Class Action Park features interviews with former employees and guests of Action Park mixed with archival news footage and old home movies. The general theme of the movie is “can you believe how dangerous this place was” and the strange nostalgic feeling of having survived it. The jokey tone of some of the commentators is placed at odds with survivors of people who died at Action Park, with the ending of the film actually featuring the most uncomfortable contrast of narration and film.
The villain of the piece is Gene Mulvihill, a shady investor in penny stocks who opened Action Park as a summer activity at his ski resort in 1978. Action Park was a pioneer of the modern waterpark, so a lot of the rides were experimental to begin with, but Mulvihill refused to hire professional ride engineers and often redrew the plans himself to make them more extreme.

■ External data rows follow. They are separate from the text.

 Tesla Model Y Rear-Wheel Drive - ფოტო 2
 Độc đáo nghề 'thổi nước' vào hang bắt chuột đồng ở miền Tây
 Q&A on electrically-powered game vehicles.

If the rides weren’t dangerous enough, the park was run almost entirely by teenagers with underage drinking and drug use common among the staff. Mulvihill’s libertarian emphasis on freedom and profits with his callous disregard of people injured and killed at the park becomes emblematic of the USA in the Reagan Era.

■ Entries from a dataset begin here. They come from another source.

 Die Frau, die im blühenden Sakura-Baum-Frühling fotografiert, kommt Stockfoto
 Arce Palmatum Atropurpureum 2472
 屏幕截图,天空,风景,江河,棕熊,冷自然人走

I found this movie to be interesting in how it showed how the most unbelievable aspects of Action Park came to be and persisted. But I also don’t think it is a very well-made documentary. For one thing, it could’ve used a wider of variety of commentators as the handful involved said mostly the same things. Also, the frequent reuse of b-roll footage throughout the movie feels lazy and unprofessional. Still it’s an interesting movie to watch if you’re curious about how an experiment in pure libertarianism in Greater New York City went horribly wrong and why regulations may be good, actually.